The “leash” was the restraint upon outright exploitation introduced during the early 20th century, otherwise known as the “Progressive Era”. The leash constituted elimination of child labor, breaking of trusts, the introduction of unions and workers rights to an 8-10 hour day. The leash constituted regulatory standards such as what was introduced in the meat processing industry after people found so many unsavory practices as describe in the 1906 book, “The Jungle”. All the standards that made Capitalism bearable came the socialist side and has nothing with capitalism in its ideal state.

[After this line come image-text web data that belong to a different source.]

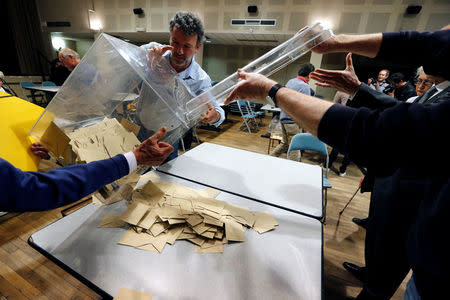 Officials empty a ballot box at the start of counting in the first round of 2017 French presidential election, at a polling station in Tulle, central France, April 23, 2017. REUTERS/Regis Duvignau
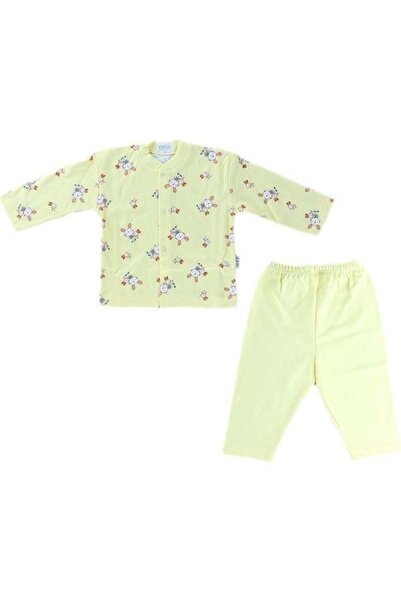 Zekids Bebek Pamuklu Önden Çıtçıtlı Tavşanlı Pijama Takım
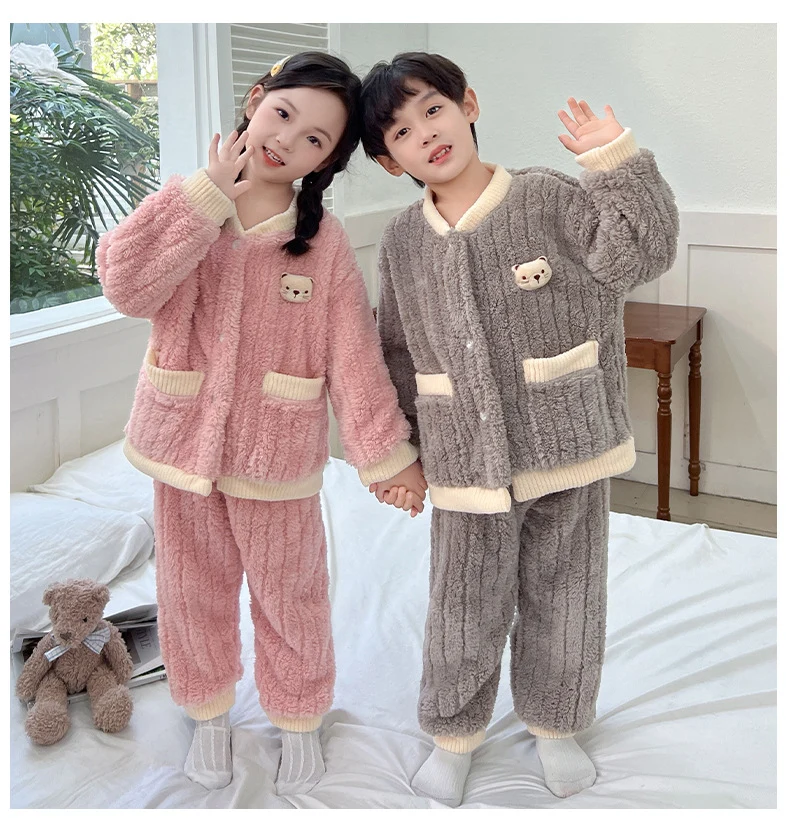 Boys and Girls Pajamas Cotton Velvet Home Clothes Autumn and Winter Children's Winter Pajamas Western Style Thickened Pajamas
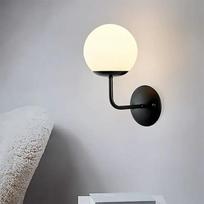European style glass ball bedside wall lamp gold black swing arm wall lamp bedside room bedroom living room wall decoration art juoda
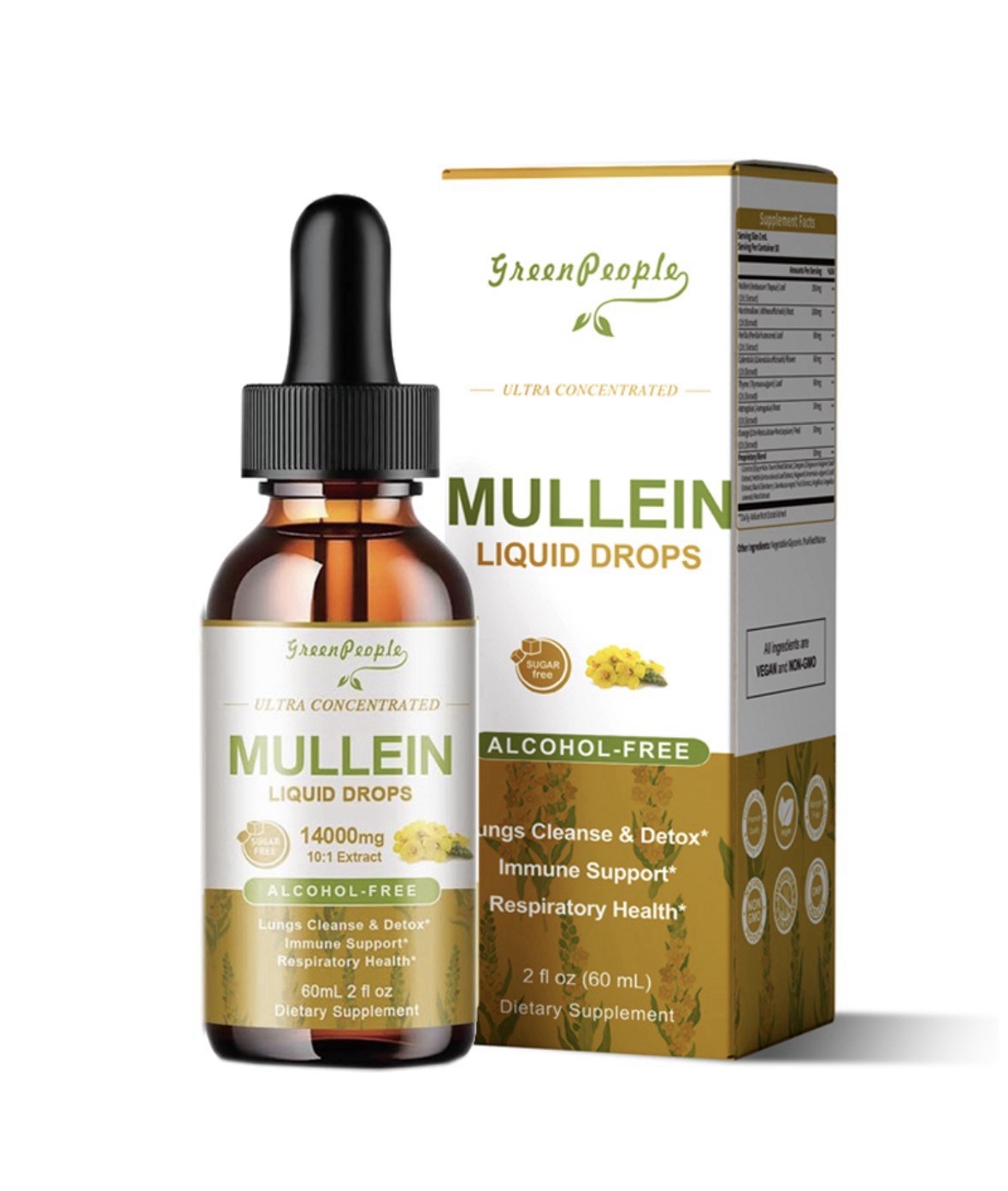 Mullein Leaf Extract Vegan Drops for Lung Cleanse & Respiratory Function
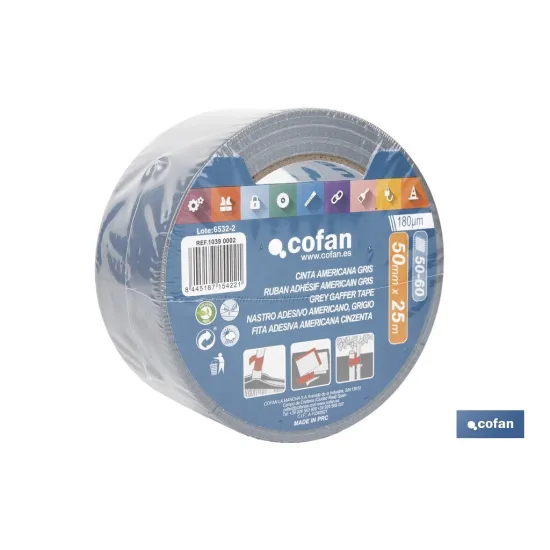 CINTA AMERICANA GRIS 180 MICRAS 50 MM X 25 M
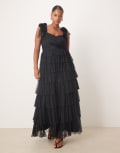 [Lace & Beads Plus] Lace & Beads Plus lace bow shoulder tiered maxi dress in black 28 Black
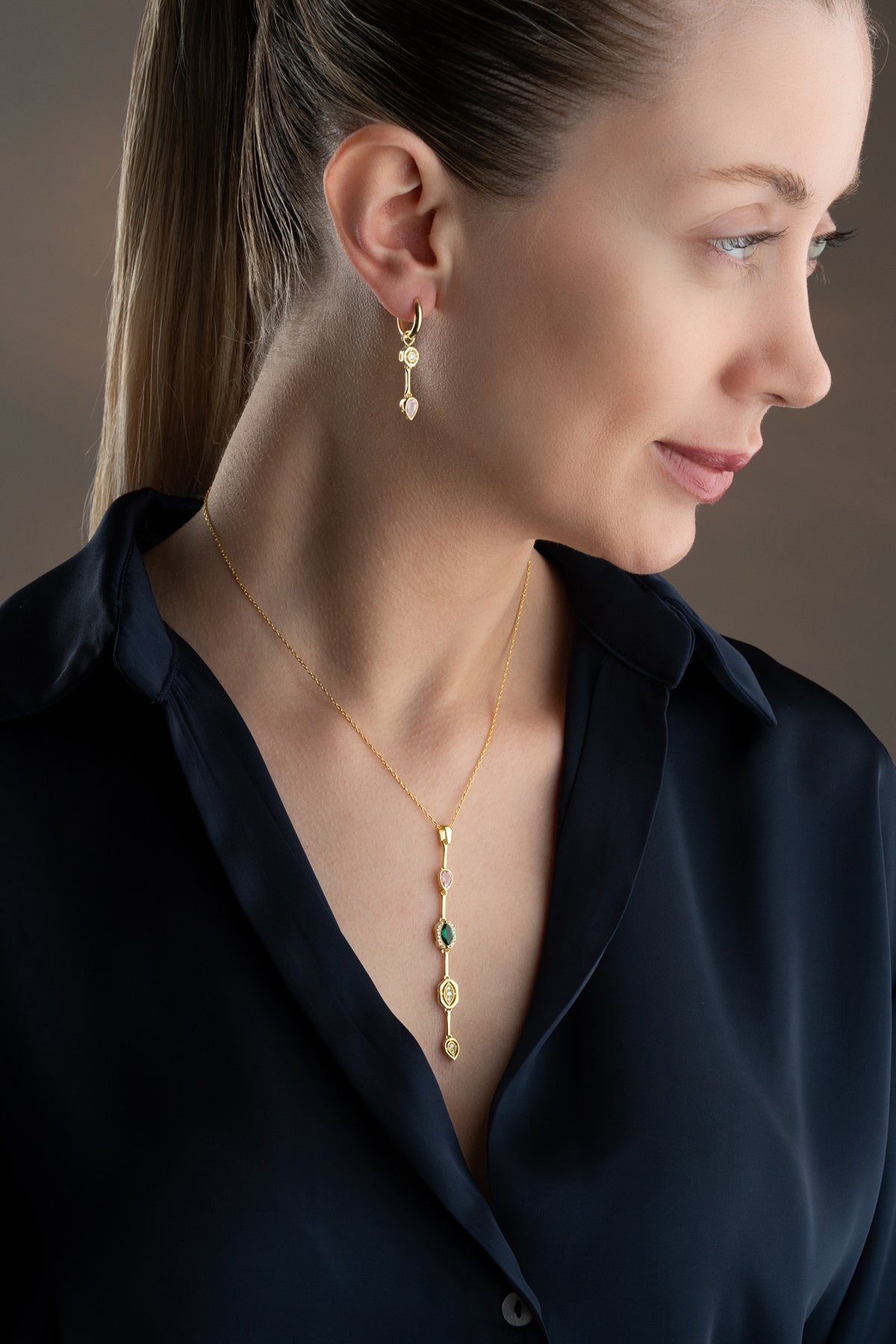 Emerald and Pink Crystal Drop Jewelry Set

Speaking further about the need for regulation, years ago, I visited the Kellogg plant in Battle Creek MI. Someone pulled me aside and said that regulations were expensive as rules that pertained to so much extraneous matter in specific volume of cereal was tested by FDA. Capitalism by itself would allow the company a greater extraneous matter content as long as it could not be detected by the consumer with the naked eye, which would, of course, adversely affect sales. The FDA required a higher standard, as it is known, what you don’t see can hurt you.
In spite of your vaunted praise of the Capitalist system, it certainly has glaring flaws. Yet, I respect the need for capitalism as the incentive for people to do and accomplish.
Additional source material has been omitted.